In short, I believe he is reacting to my attempts at a 180 by pulling himself further away as well. I feel about 1 million miles away from him right now. The few conversations we have had about the relationship have led to the following comments:

"I don't think you'll ever get over this so yeah I basically have one foot out the door"

"I can tell you're done with me"

"I'm just waiting for the day when you to throw me out"

"You're acting like your mind is already made up about us"

"It seems like you're ready to move on without me"

"I'm trying my best to make this work" (yet no remorse, no loving actions, nothing that makes me think that's true)

So, anyway is there a point when you just decide to let it go and reinvest emotionally hoping that the issues can be worked out in MC? Or do I still hold out for signs of remorse which are FEW and FAR between? I feel like he is the type of man who will not do the heavy lifting without some positive feedback from me. 

Or maybe I'm just fooling myself and we BOTH know this relationship is beyond repair and he is just waiting for me to be the bad guy and tell him it's completely over. 

Just some additional info:
-Transparency is there, NC established, steps being taken to verify all of his actions etc. so I don't think the OW is an issue here
-He does anything I ask (like pick up a bottle of wine for me etc.), but doesn't seem to initiate anything on his own (such as randomly picking me up my favorite bottle of wine as he USED to do all the time, or an apology, small gestures of caring etc.)
-To me it feels like he's doing a 180 himself (how messed up is that??)


----------



## ItMatters (Jun 6, 2012)

Isn't that the risk of the 180? That the partner won't chase and the relationship will end? If the partner doesn't want to pursue the relationship, that's the answer that the 180 brings about?


----------



## deejov (Sep 24, 2011)

My two cents,

Yes, doing a 180 can cause you both to disconnect and detach emotionally. Too much in some cases.

A bit of detachment is necessary, so you can make rational decisions not based on emotion. Do the hard things like figure out if you want to stay together, etc.

My advice on how to detach would also be to not forget one thing:
Treat each other with respect, be caring, and kind in a universal way. How would you treat a _close friend_?

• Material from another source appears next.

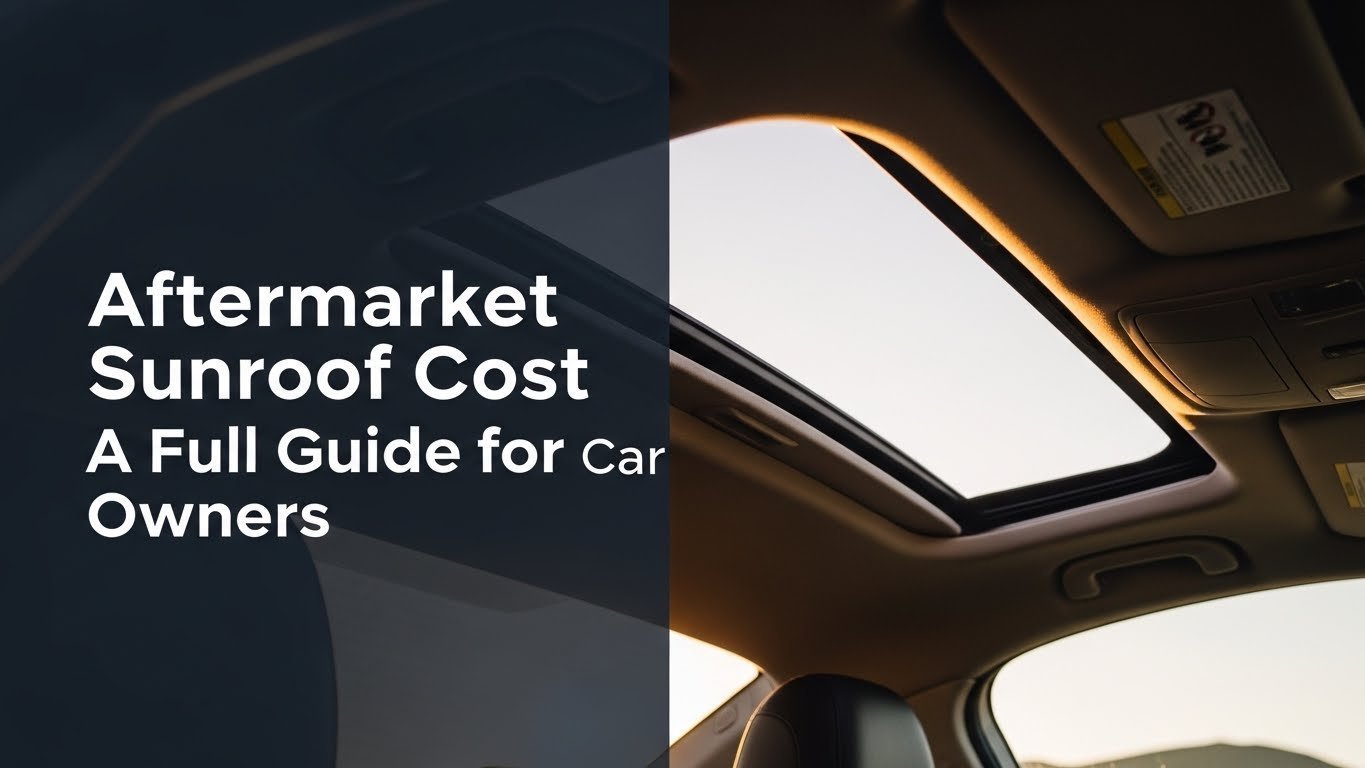 Aftermarket Sunroof Cost A Full Guide for Car Owners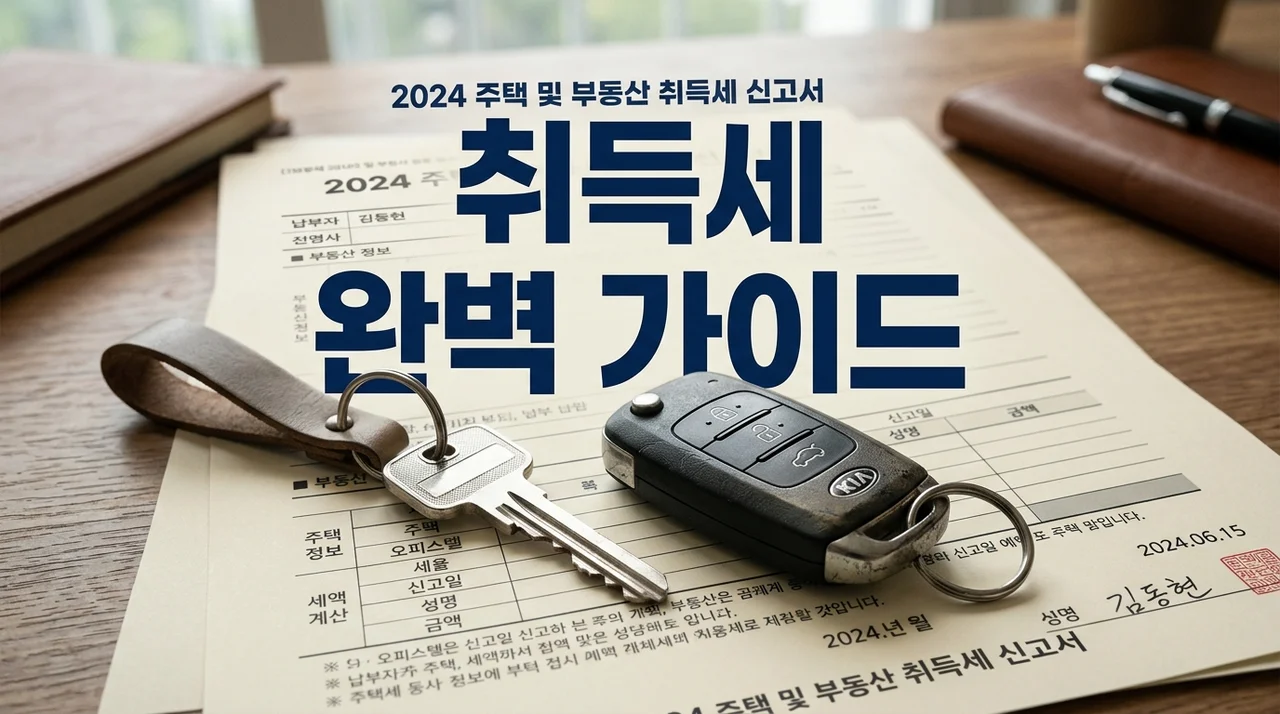 취득세란? 부동산·자동차 살 때 꼭 알아야 할 세금 완벽 정리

-Doing small gestures for someone. Asking them about their day. Listening to them. 
-Taking the time to cook dinner if you are home first and they are working late
-Picking something up when you are shopping that you know they like
-Calling to wish them well if you know they are going to have a busy day

It doesn't sound like he is doing these things either, yet. 

But if you model it, a couple of things happen.
1) You don't carry over the hurt into the rest of your life. You practice and remember how to treat people. That's never a bad thing. It's not right if you turn into a cold bitter person over this.
2) You show you care about him as a person
3) He gets to see that you don't accept what he did, while also seeing that you are able to still be human, caring, respectful. That shows your strength. You may not be in "love" mode, but you are capable of being decent.

It's hard to do this. But if you "friend" him... that leaves the door open for something more to blossom.


----------



## Will_Kane (Feb 26, 2012)

I always thought the 180 was for the situation where he refuses to cease contact and wants to continue the affair.

If he has agreed to end all contact, written the no contact letter, given you complete transparency, and agreed to work on the marriage, the 180 seems counterproductive.

If he had an EA, it will take time for him to get out of the fog. He still will have thoughts of the other woman and, like an addicition, a strong desire to contact her, which he must fight, and which will fade the longer he is not in contact.

However, in my opinion, the 180 is detrimental in this situation.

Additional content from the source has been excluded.